All records below are to be transcribed exactly, with every picture left out.

[Start of Attachment]

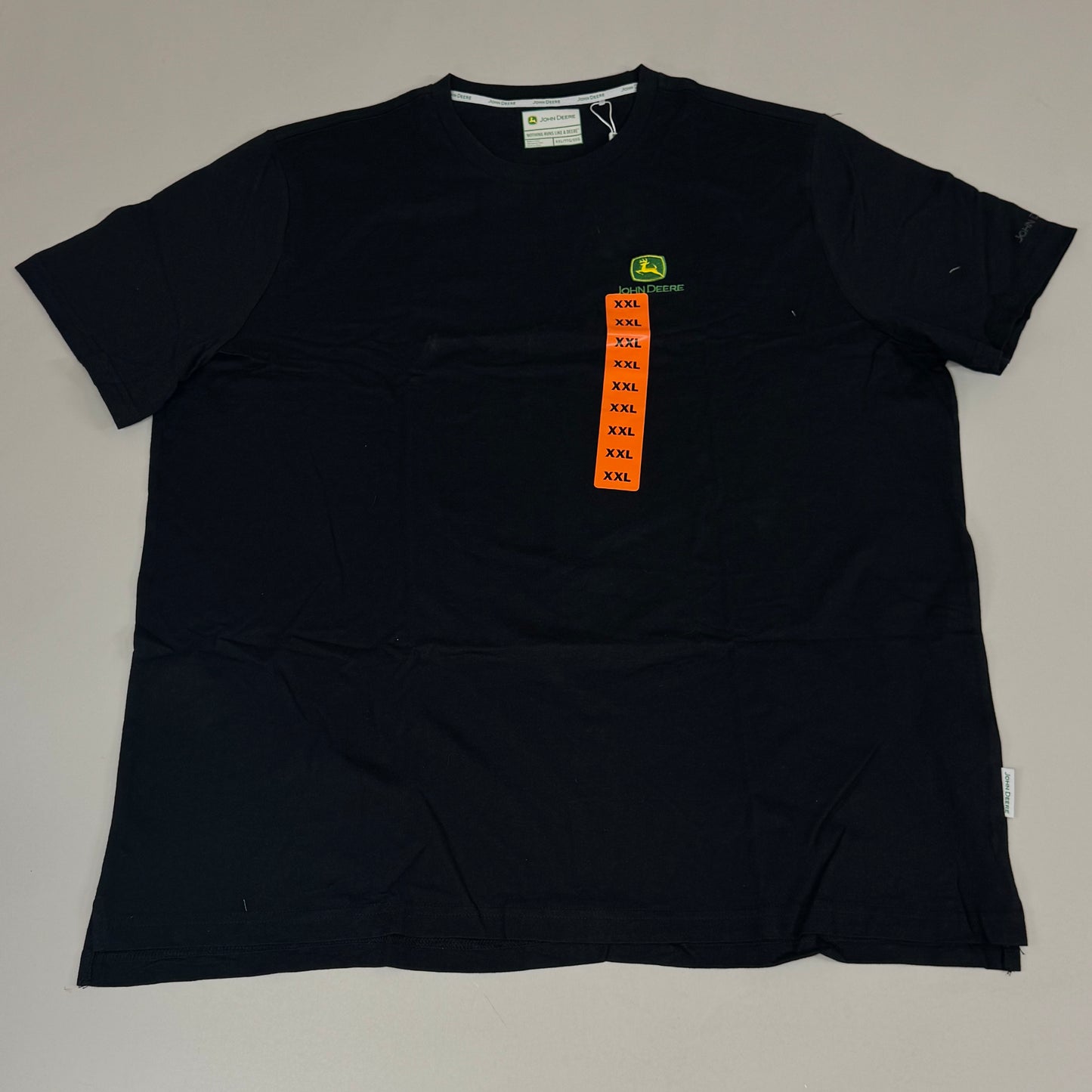 JOHN DEERE Embroidered Logo Short Sleeve Tee Shirt Men's Sz XXL Black 1896842
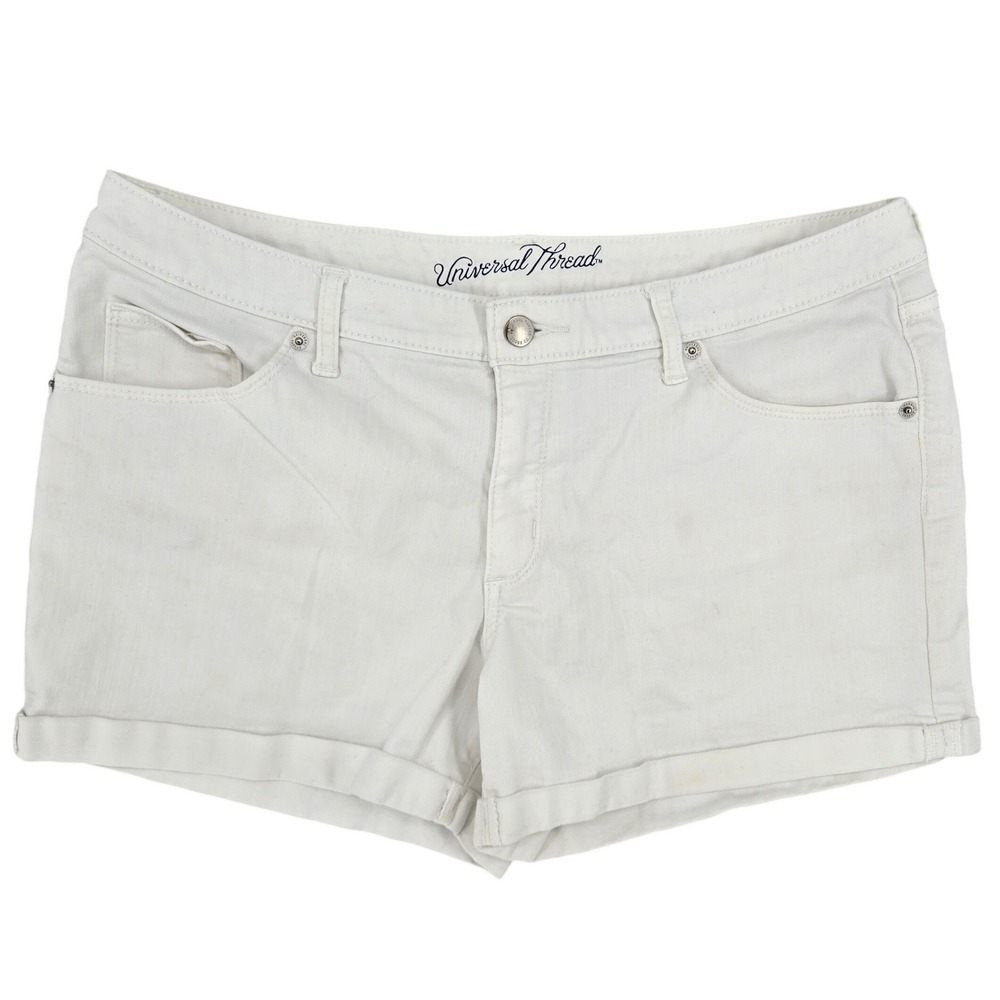 Universal Thread 14/32R Mid Rise Midi Denim Shorts Womens White Casual Classic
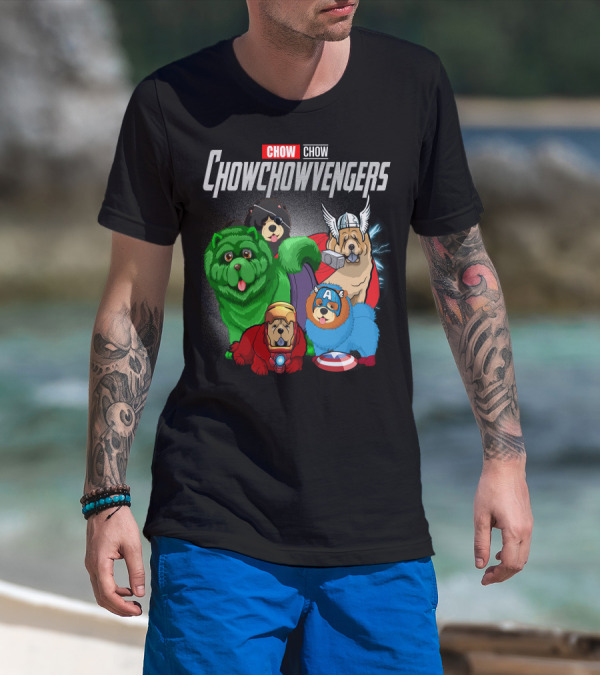 Chow Chow Chowchowvengers Superhero Dogs Avengers Mashup T-Shirt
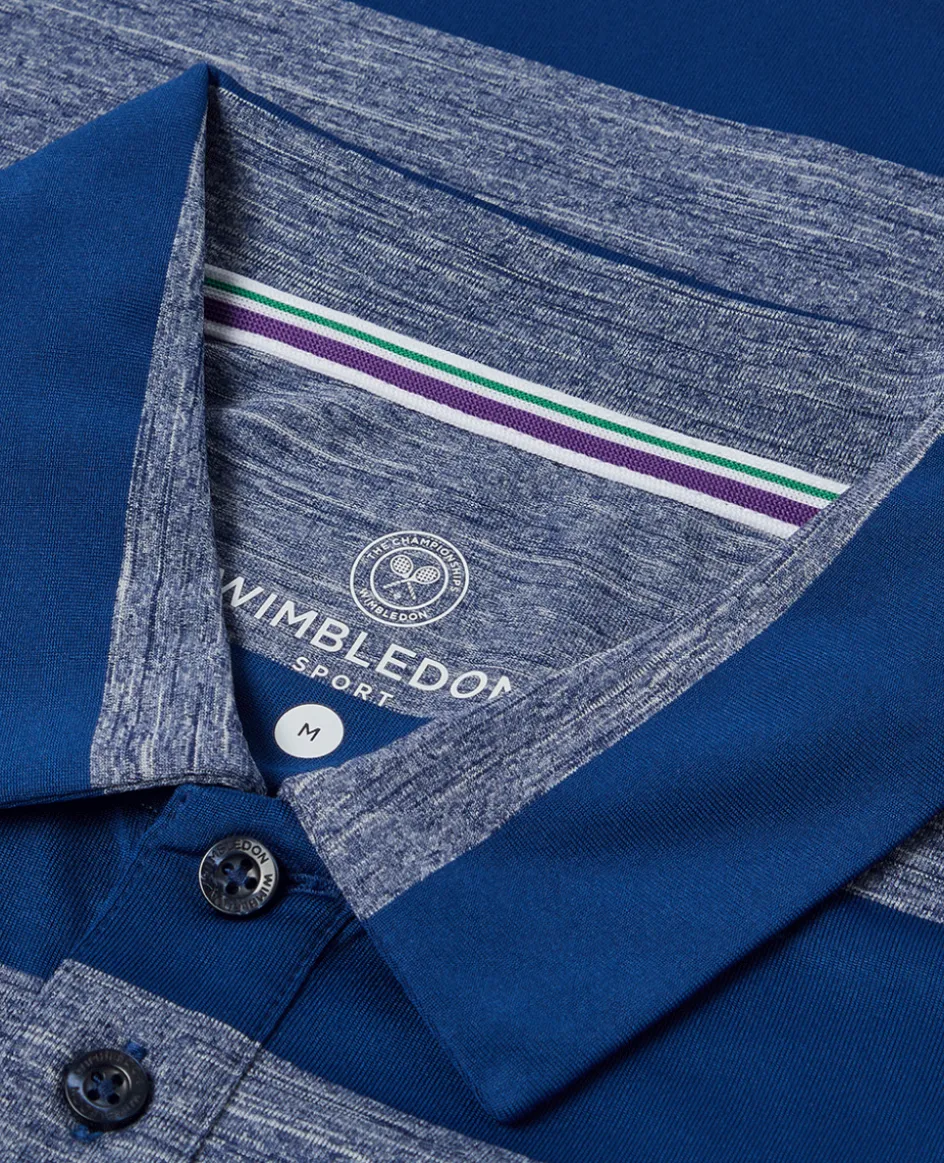 Wimbledon Mens Striped Polo Navy & White- Polo Shirts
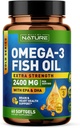 Fish Oil Omega 3 Soft Gels - 2400 mg Fish Oil, 1440 mg Omega 3, 864 mg EPA, 576 mg DHA - Extra Strength Brain & Heart Health Supplement - 60 Softgels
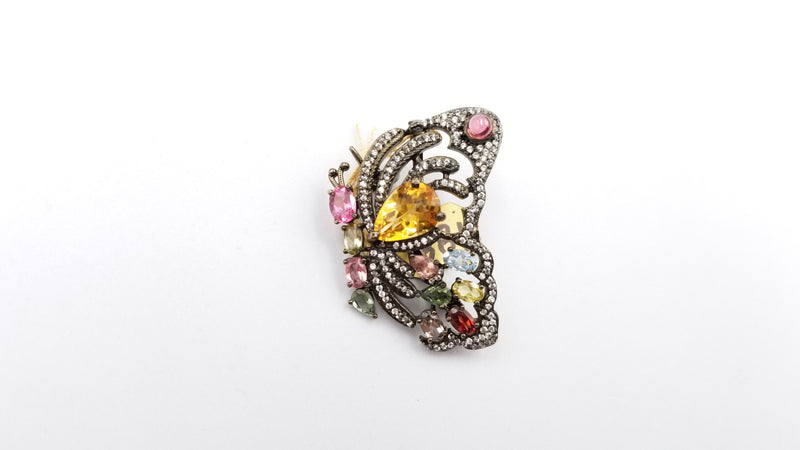 CITRINE, MULTI COLOR STONES WITH CZ STERLING SILVER ( BLACK RHODIUM ) PIN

[End of Attachment]

- [Answer section]
 JOHN DEERE Embroidered Logo Short Sleeve Tee Shirt Men's Sz XXL Black 1896842
 Universal Thread 14/32R Mid Rise Midi Denim Shorts Womens White Casual Classic
 Chow Chow Chowchowvengers Superhero Dogs Avengers Mashup T-Shirt
 Wimbledon Mens Striped Polo Navy & White- Polo Shirts
 Fish Oil Omega 3 Soft Gels - 2400 mg Fish Oil, 1440 mg Omega 3, 864 mg EPA, 576 mg DHA - Extra Strength Brain & Heart Health Supplement - 60 Softgels
 CITRINE, MULTI COLOR STONES WITH CZ STERLING SILVER ( BLACK RHODIUM ) PIN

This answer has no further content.